Mayesh snorted. “Profit is in the spirit of the Charters,” he said. “But yes, the Roverges are especially ruthless in their pursuit of it. Even the other

nobles look upon them with some mistrust. As for their treatment of the Cabrols, it was abhorrent, and if I were them, I might worry about revenge.”

Lin felt as if she were holding her breath. If she were to tell Mayesh what she knew—but she could not; her talk with the Ragpicker King had made that clear. She had indicated to him that she would not say anything about Cabrol’s plan, and she knew if she did, he would see it as a betrayal.

Besides, the thought of trying to explain to Mayesh how she knew what she did made her feel ill.

In the end, this was not Ashkari business; the Roverges were malbushim, and it seemed they had done dreadful things.

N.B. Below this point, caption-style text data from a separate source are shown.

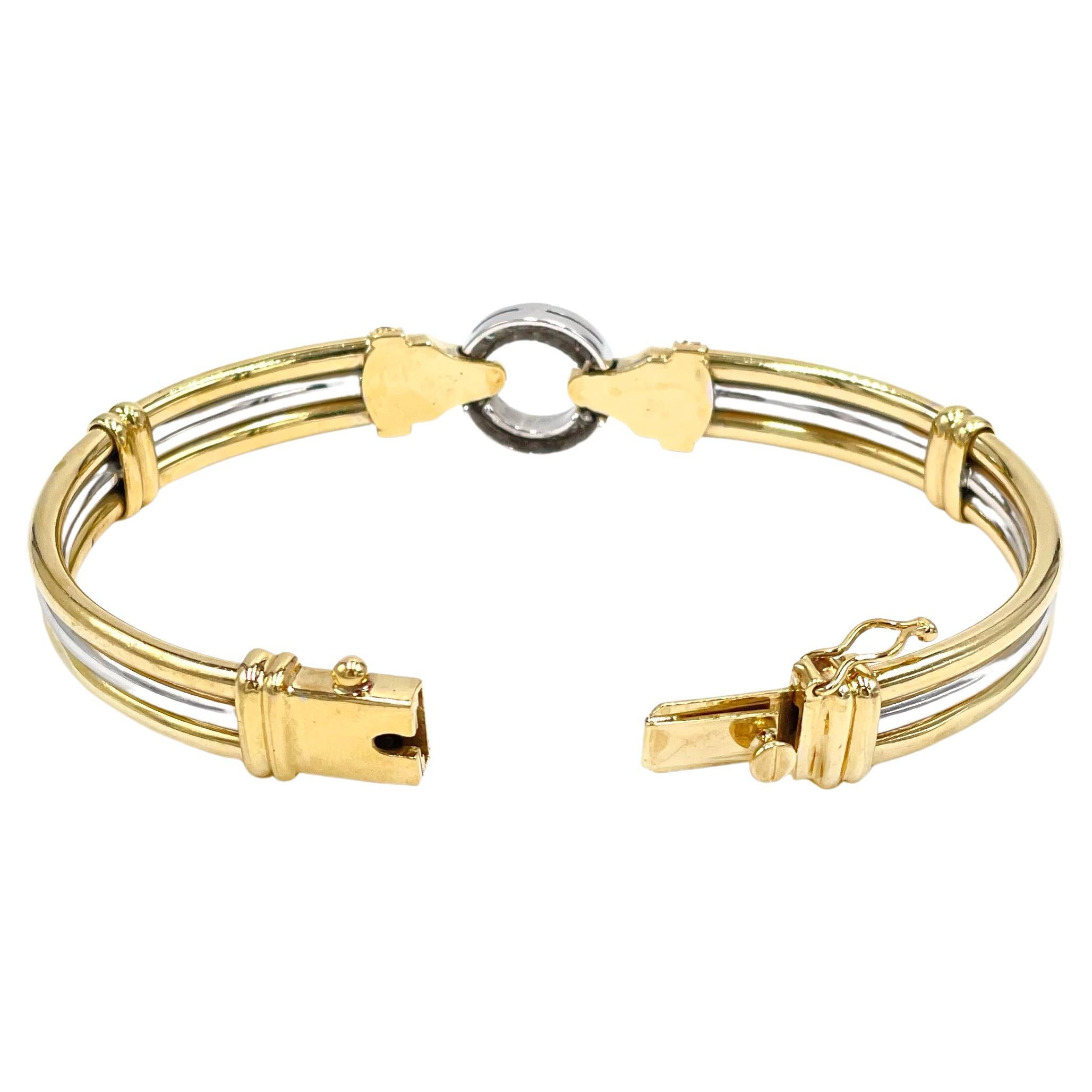 Taille ronde Bracelet bicolore en or jaune et blanc 18 carats avec diamants en vente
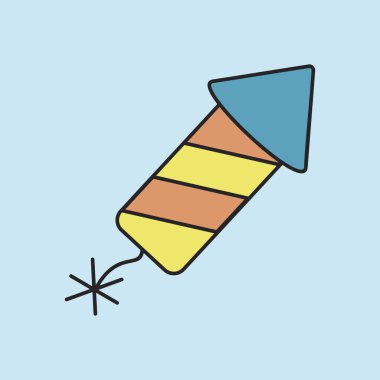 Ateşlemeye hazır, havai fişekli, neşeli bir roketin dinamik bir simgesi. Bu illüstrasyon, bir bayram veya özel bir etkinliğin heyecanını, kutlamalarını ve ruhunu aktarmak için mükemmeldir..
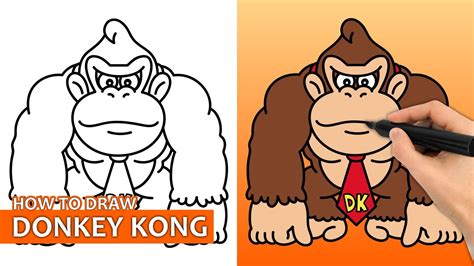 How To Draw Donkey Kong Easy Drawing Tutorial Youtube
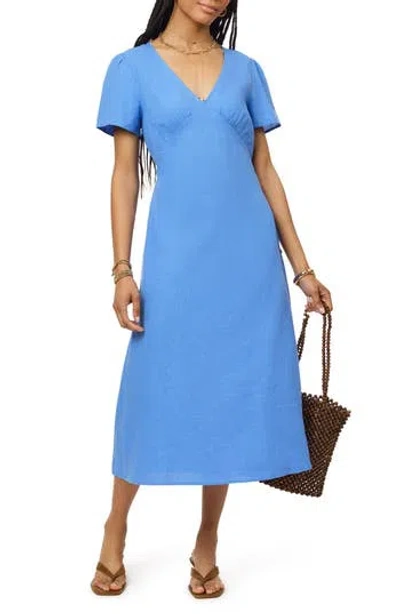 Scotch & Soda V-neck Linen Blend Dress In Blue
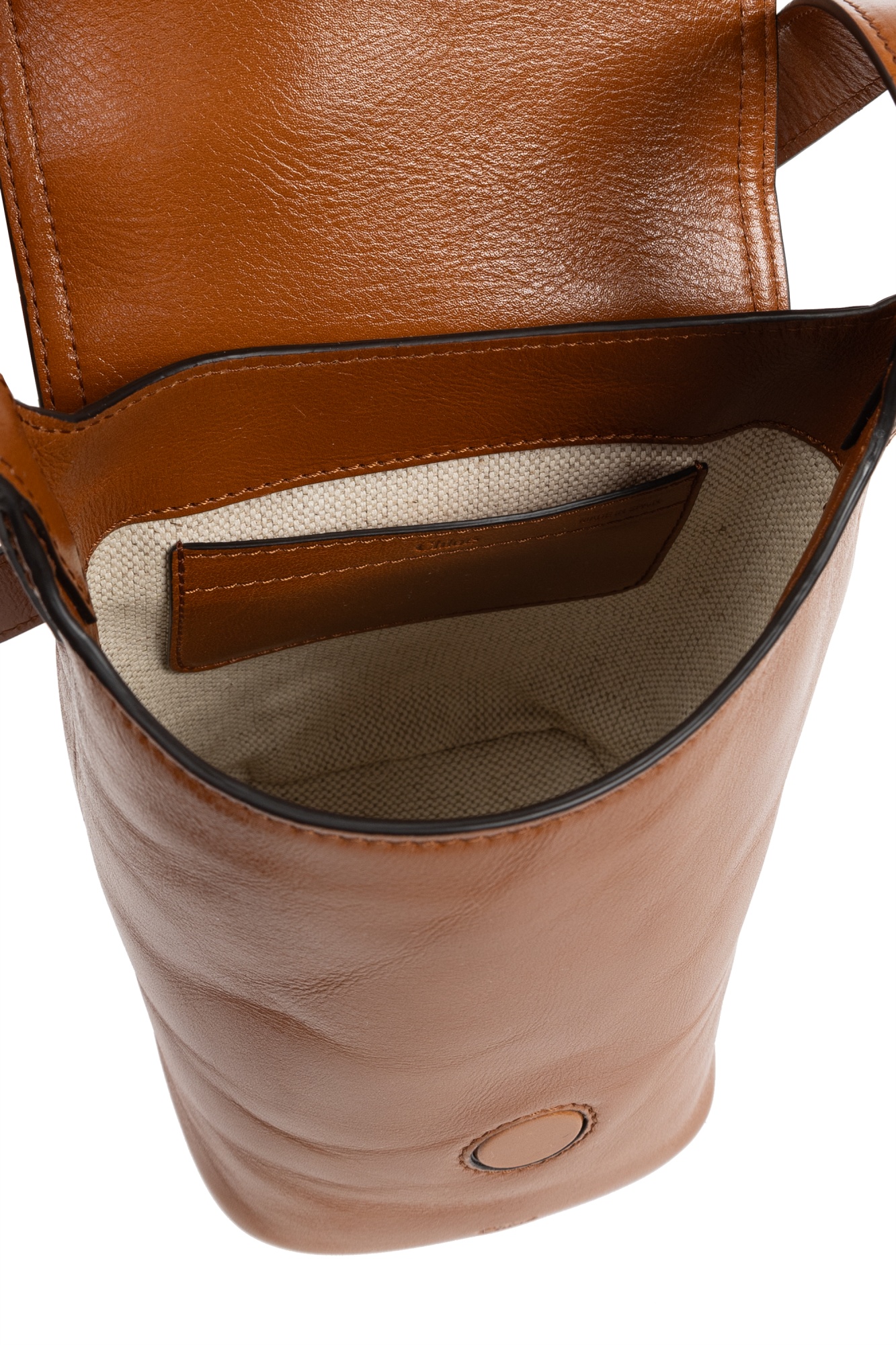 Chloé Mini Leather Saddle Bag In Brown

Some part of her wished to lay the moral puzzle of it at Mayesh’s feet and have him sort it out. But it would not be fair to him. The less he knew about the whole business, the better.

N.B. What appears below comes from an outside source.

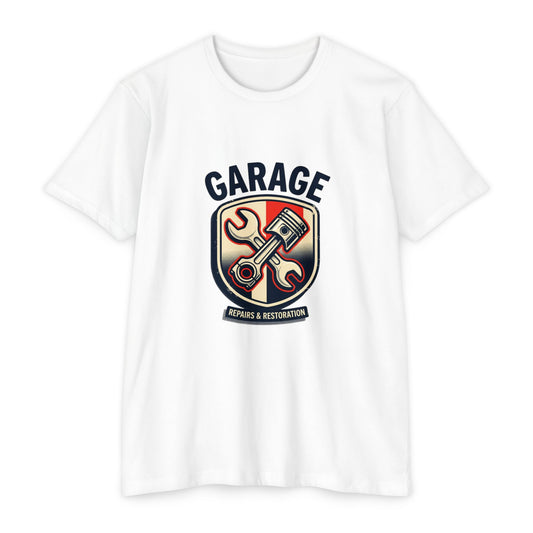 Garage Repairs & Restoration T-Shirt — Mechanic Tools Crest Tee
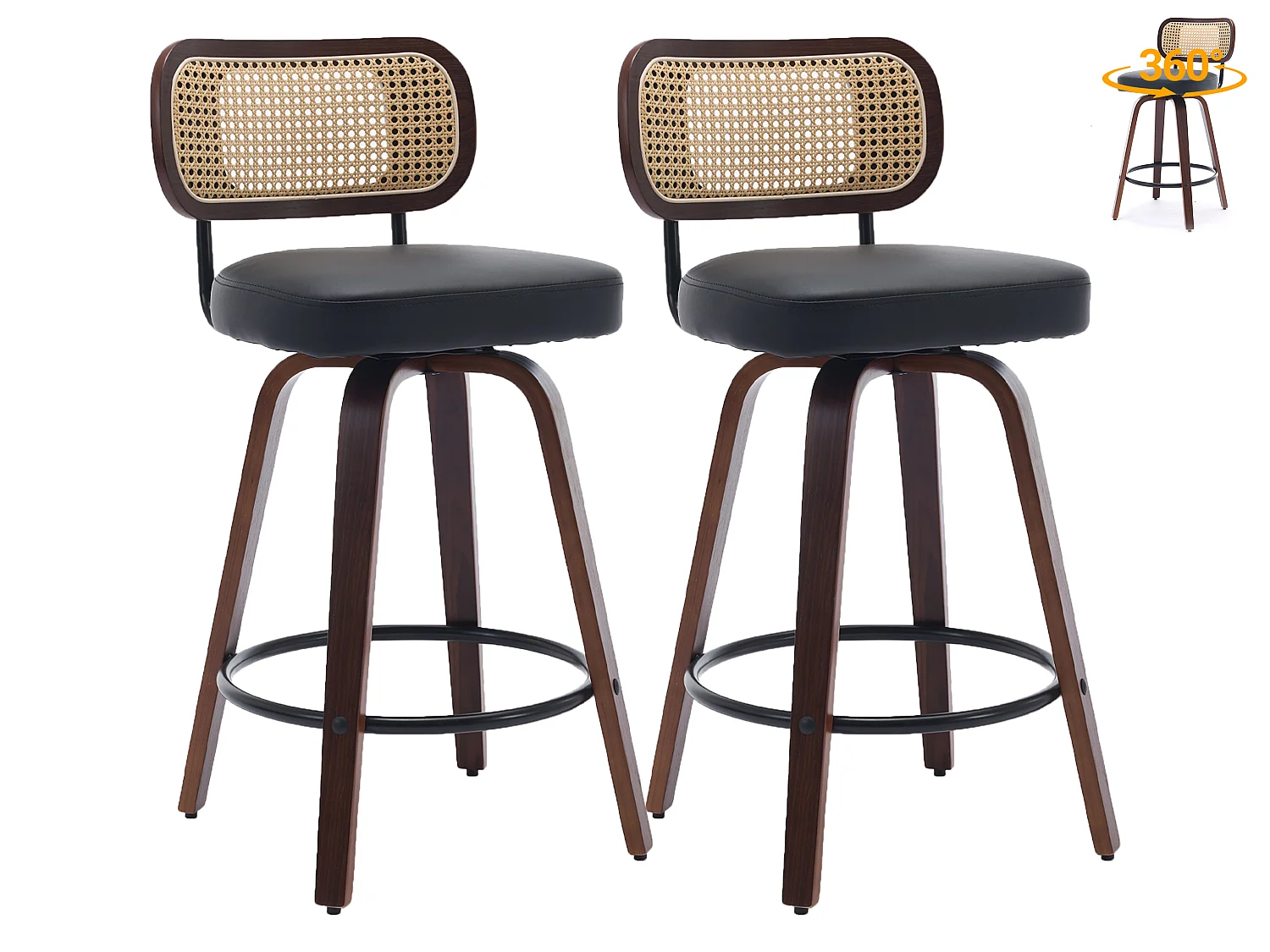 Lot de 2/3 tabourets de bar en PU avec dossier rotin et assise pivotante de 66 cm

“Are you worried about revenge, zai?”

He shook his head. “That is for the Roverges to concern themselves with. I am concerned with the affairs of House Aurelian, and with the place of the Ashkar in Castellane. That is as far as my remit extends.”

Lin felt a faint sting of relief. Not only did her grandfather seem uninterested in the idea of revenge against the Roverges, he seemed truly to not want to know more. It was part of their being Ashkar, she thought:

There was always that layer of something like glass between them and the doings of the outside world.

“If they are so unpleasant,” she said, as lightly as she could, “must we then attend their party?”

Mayesh chuckled. “Parties are rarely about who throws them,” he said. “It will be a small affair, just the Charter Families and the guest of honor. It

will be a good opportunity for you to observe them all. To imagine what it might be like to work among them. Accompany me there, and you can give me your answer afterward.”

A party on the Hill. As a child, Lin had taught herself not to want to

follow Mayesh to the Hill, to see what he did, to be a part of his life and his duties. But here he was, offering what she had told herself she would never ask for—and not just offering, asking.

“But,” she said, and she knew she was about to say yes, “I have nothing to wear to a party on the Hill.”

For the first time that evening, her grandfather smiled. “Consult with Mariam,” he said. “I think you’ll find that you do.”

 

 

After the Sundering and the destruction of Aram, Judah Makabi was named the Exilarch, the leader of the exiled Ashkar, who had no longer any home. He led the Ashkar to the west, where they wandered in the wilderness for generations, during which time Makabi remained young, and did not die, for the blessing of

their Queen was upon him.

Every time they settled in a new place, and the inhabitants of that place learned that they were practicing gematry, they would be harried and driven out, for in

the dark days after the Sundering, magic was considered a curse. The Ashkar began to become restive. “Why must we wander?” they asked. “Our Queen is gone, and our land as well, why must we continue to practice gematry, which marks us as outcasts?”